Sometimes, the sensor stops working to bear the heat, and sensors eventually fail due to excessive heat on any side of the engine. Taking measures to produce less heat in the engine will contribute to the longer life of the sensor.
2. Excessive Vibrations
Excessive engine vibration can also cause the sensor stops working. The crankshaft’s internal wiring connection is greatly affected by the vibrations in the engine and car. These vibrations lose the connections between the crankshaft and the sensor which indicates that the sensor is faulty.
If you compromise the crank sensor issue it can result in the disconnection of the wires. After the disconnection, the signals would no longer be transferred to ECU, and hence, you need your sensor replaced by a certified mechanic.
3. Metal Debris
Stuck metal debris also reasons the CKP sensors to go bad. Due to increased vibrations, other parts of the engine also get damaged. These damages will create metal debris that keeps revolving in the empty spaces in the engine.
The crankshaft position sensor can pick up this metal debris through the magnet of the crankshaft position sensor and stick it to the sensor. There is a certain distance (air gap) between the wheel and pin of the CKP-Sensor and crankshaft. The metal shavings will stick to the sensor or the wheel and close the gap. So, efficiency is reduced in such a situation because the wheel and pin will send improper information.
4. Faulty Circuits
A defective or shorted return circuit also causes the CKP-Sensor stops working. As circuits play an essential role in transmitting the signals from the sensor to the engine, the circuits must be safe and healthy.
defective circuits can never transfer the signals correctly, and the crank sensor’s primary purpose will not be fulfilled. The condition of the sensor gradually drops, and you will end up with a malfunctioned sensor.
5. Improper Installation
It can be the improper installation of the CKP-Sensor that causes the CKP-Sensor stops working. While installing or replacing the sensor, ensure that all the connections are tightened and that every part is correctly fixed in its position.
Sometimes, loose connections between the crankshaft and sensor out-turn into a dangerous situation as it causes the crank sensor to disconnect from the system.
There are a few reasons why CKP sensors would possibly fail. The sensor is able to cause a problem if the temperature is high.
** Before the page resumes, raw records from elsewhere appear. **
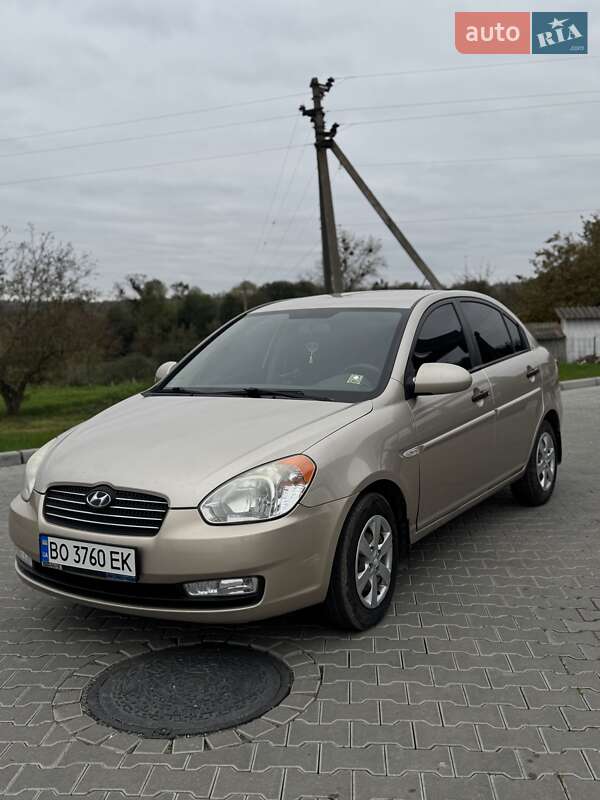 Седан Hyundai Accent 2010 в Шумске фото 3 Седан Hyundai Accent 2010 в Шумске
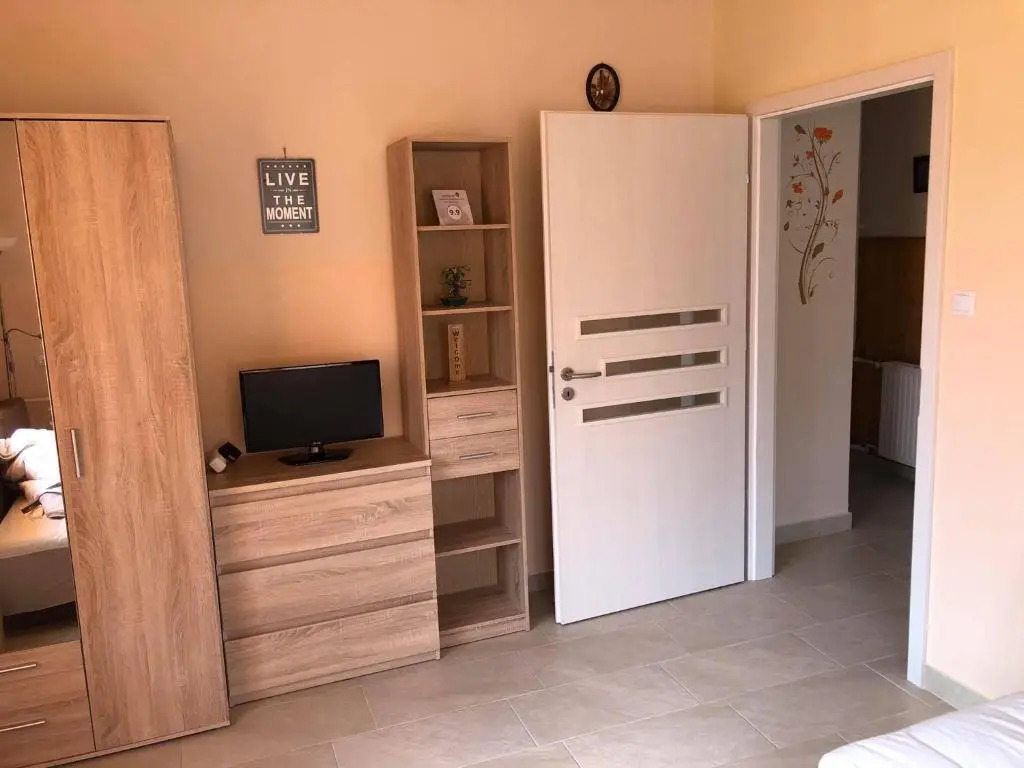 Adél Apartman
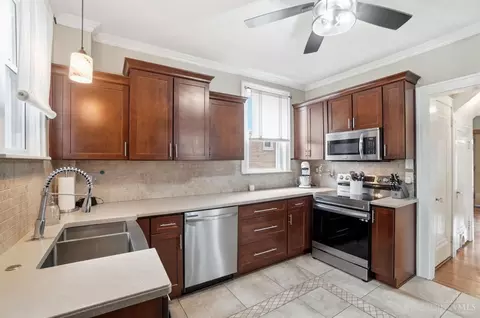 Kitchen - 1127 Rulison Ave, Cincinnati, OH 45238 photo 2 of 4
The Crankshaft position sensor symptoms of failure also include contamination from oil, grease, or other fluids. Moreover, physical damage can cause the plastic casing of the crank sensor to be damaged which wears down the crank sensor or breaks one side of the sensor. Finally, the CKP sensor might simply wear out over time and need to be replaced.
The crank sensor is responsible for monitoring the position and rotation of the crankshaft. It relays this information to the engine control unit, which uses it to control the fuel injection and ignition timing. The CKP-Sensor does not directly control the fuel pump, but it is indirectly involved in the fuel injection process, which is necessary for the engine to run properly.
Your engine may not start due to a broken timing belt but sensors. If the timing belt breaks or slips, it can damage the CKP sensor to read incorrect information, resulting in engine performance issues or even causing the engine to stall.
A bad CKP sensor can cause issues with engine performance and starting, but it typically will not ruin the entire engine. The sensor can still function to some degree, even if it is failing, but as it continues to malfunction, it can lead to misfires and potentially damage to other engine components. If the crankshaft position sensor fails completely, it can prevent the engine from starting.